**ACTION ITEM**
Could you show each line of the records that contains the word "right"?

**INFORMATION SUPPLIED**
****************************************

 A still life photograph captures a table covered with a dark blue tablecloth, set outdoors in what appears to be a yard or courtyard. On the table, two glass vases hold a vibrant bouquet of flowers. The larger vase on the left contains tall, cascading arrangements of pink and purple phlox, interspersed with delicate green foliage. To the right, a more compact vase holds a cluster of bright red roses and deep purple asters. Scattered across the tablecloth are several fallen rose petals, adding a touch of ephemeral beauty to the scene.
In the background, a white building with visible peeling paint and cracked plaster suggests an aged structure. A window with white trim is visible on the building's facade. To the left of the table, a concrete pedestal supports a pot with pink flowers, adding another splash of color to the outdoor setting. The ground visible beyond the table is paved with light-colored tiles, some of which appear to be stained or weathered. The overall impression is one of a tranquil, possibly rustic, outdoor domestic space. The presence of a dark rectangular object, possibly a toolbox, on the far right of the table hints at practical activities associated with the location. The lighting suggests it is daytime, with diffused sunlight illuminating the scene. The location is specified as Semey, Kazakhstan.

****************************************

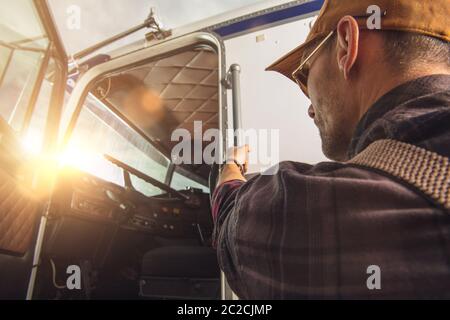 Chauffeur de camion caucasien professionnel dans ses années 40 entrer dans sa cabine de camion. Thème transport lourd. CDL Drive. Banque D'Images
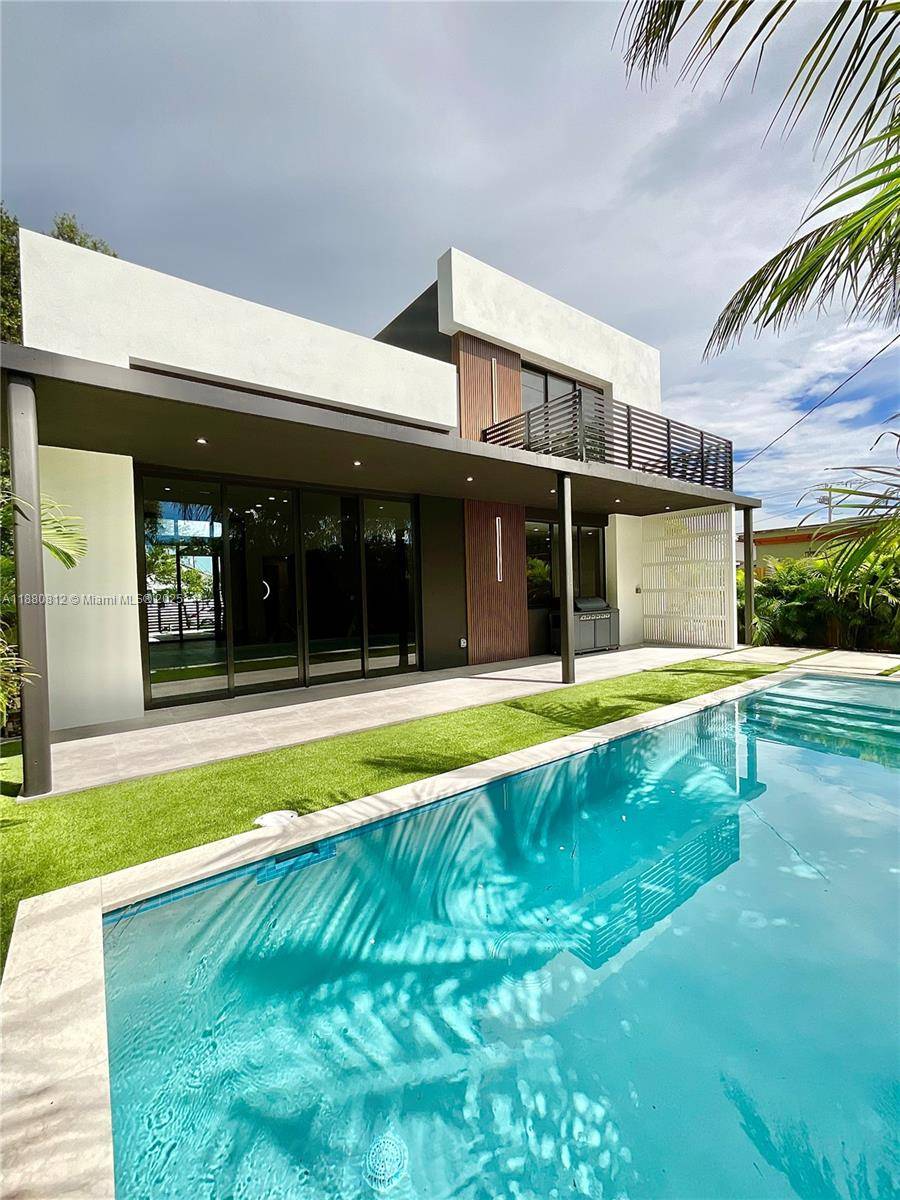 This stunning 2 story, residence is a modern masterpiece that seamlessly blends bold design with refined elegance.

****************************************

**EXERCISE RESULT**
 A still life photograph captures a table covered with a dark blue tablecloth, set outdoors in what appears to be a yard or courtyard. On the table, two glass vases hold a vibrant bouquet of flowers. The larger vase on the left contains tall, cascading arrangements of pink and purple phlox, interspersed with delicate green foliage. To the right, a more compact vase holds a cluster of bright red roses and deep purple asters. Scattered across the tablecloth are several fallen rose petals, adding a touch of ephemeral beauty to the scene.
In the background, a white building with visible peeling paint and cracked plaster suggests an aged structure. A window with white trim is visible on the building's facade. To the left of the table, a concrete pedestal supports a pot with pink flowers, adding another splash of color to the outdoor setting. The ground visible beyond the table is paved with light-colored tiles, some of which appear to be stained or weathered. The overall impression is one of a tranquil, possibly rustic, outdoor domestic space. The presence of a dark rectangular object, possibly a toolbox, on the far right of the table hints at practical activities associated with the location. The lighting suggests it is daytime, with diffused sunlight illuminating the scene. The location is specified as Semey, Kazakhstan.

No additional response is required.